ColTokenizer
- class lightning_ir.models.col.ColTokenizer(*args, query_length: int = 32, doc_length: int = 512, add_marker_tokens: bool = False, query_expansion: bool = False, attend_to_query_expanded_tokens: bool = False, doc_expansion: bool = False, attend_to_doc_expanded_tokens: bool = False, **kwargs)[source]
Bases:
BiEncoderTokenizer
LightningIRTokenizer
for Col models.- __init__(*args, query_length: int = 32, doc_length: int = 512, add_marker_tokens: bool = False, query_expansion: bool = False, attend_to_query_expanded_tokens: bool = False, doc_expansion: bool = False, attend_to_doc_expanded_tokens: bool = False, **kwargs)[source]

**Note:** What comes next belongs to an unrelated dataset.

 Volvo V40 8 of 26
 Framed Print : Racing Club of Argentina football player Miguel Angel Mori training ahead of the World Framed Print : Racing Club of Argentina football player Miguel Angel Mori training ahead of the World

Initializes a Col model’s tokenizer. Encodes queries and documents separately. Optionally adds marker tokens to encoded input sequences and expands queries and documents with mask tokens.
- Parameters:
query_length (int, optional) – Maximum query length in number of tokens, defaults to 32
doc_length (int, optional) – Maximum document length in number of tokens, defaults to 512
add_marker_tokens (bool, optional) – Whether to add marker tokens to the query and document input sequences, defaults to False
query_expansion (bool, optional) – Whether to expand queries with mask tokens, defaults to False
attend_to_query_expanded_tokens (bool, optional) – Whether to let non-expanded query tokens be able to attend to mask expanded query tokens, defaults to False
doc_expansion (bool, optional) – Whether to expand documents with mask tokens, defaults to False
attend_to_doc_expanded_tokens (bool, optional) – Whether to let non-expanded document tokens be able to attend to mask expanded document tokens, defaults to False
- Raises:
ValueError – If add_marker_tokens is True and a non-supported tokenizer is used
Methods
__init__
(*args[, query_length, doc_length, ...])Initializes a Col model's tokenizer.
tokenize_input_sequence
(text, input_type, ...)Tokenizes an input sequence.
Attributes
- config_class
Configuration class for the tokenizer.
alias of
ColConfig
- property doc_token_id: int | None
The token id of the document token if marker tokens are added.
- Returns:
Token id of the document token
- Return type:
int | None
- classmethod from_pretrained(model_name_or_path: str, *args, **kwargs) Self
Loads a pretrained tokenizer. Wraps the transformers.PreTrainedTokenizer.from_pretrained method to return a derived LightningIRTokenizer class. See
LightningIRTokenizerClassFactory
for more details.>>> Loading using model class and backbone checkpoint >>> type(BiEncoderTokenizer.from_pretrained("bert-base-uncased")) ... <class 'lightning_ir.base.class_factory.BiEncoderBertTokenizerFast'> >>> Loading using base class and backbone checkpoint >>> type(LightningIRTokenizer.from_pretrained("bert-base-uncased", config=BiEncoderConfig())) ... <class 'lightning_ir.base.class_factory.BiEncoderBertTokenizerFast'>
- Parameters:
model_name_or_path (str) – Name or path of the pretrained tokenizer
- Raises:
ValueError – If called on the abstract class
LightningIRTokenizer
and no config is passed- Returns:
A derived LightningIRTokenizer consisting of a backbone tokenizer and a LightningIRTokenizer mixin
- Return type:
- property query_token_id: int | None
The token id of the query token if marker tokens are added.
- Returns:
Token id of the query token
- Return type:
int | None
- tokenize(queries: str | Sequence[str] | None = None, docs: str | Sequence[str] | None = None, **kwargs) Dict[str, BatchEncoding]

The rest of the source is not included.